The basic idea sounds sensible---if scientists are unsure whether something might damage the environment, authorities should act to prevent harm from occurring. The Humpty Dumptyish aspects stem from the impossibility of agreeing what this means in actual practice, which allows environmentalists to invoke the precautionary principle to justify any anti-development campaign they fancy.
Over the past two decades increasingly expansive versions of the principle have been formulated and introduced into international agreements. The Rio Earth Summit in 1992 adopted the phrasing 'where there are threats of serious or irreversible damage, lack of full scientific certainty shall not be used as a reason for postponing cost-effective measures to prevent environmental degradation'.
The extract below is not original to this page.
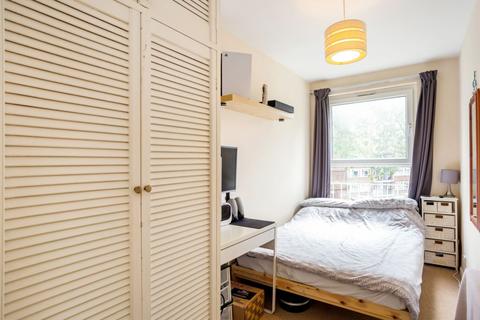 3 bedroom flat for sale - Hertford Lodge, SW19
But the 'cost-effective' qualification upsets the greens, who believe that their ideas of what is good for the environment must be given first priority, irrespective of the costs or consequences. So Greenpeace documents usually omit this qualification, even when they supposedly quote the Rio agreement.
And the most recent international recourse to the precautionary principle, the Biosafety Protocol concluded in Montreal last month by over 130 countries, says nothing about cost-effectiveness. Environmentalists were delighted, hailing the document as providing the strongest formulation of the principle to date.
Many people may think that if environmentalists are happy, we should all rejoice. If the precautionary principle helps to save the planet, surely there can be nothing to complain about.
But following the greens' lead on this matter is most unwise. Part of the reason is to be found in one of the most important insights that environmentalists themselves have promoted---the need to see our world as an intricately related whole, rather than as a collection of largely unconnected parts.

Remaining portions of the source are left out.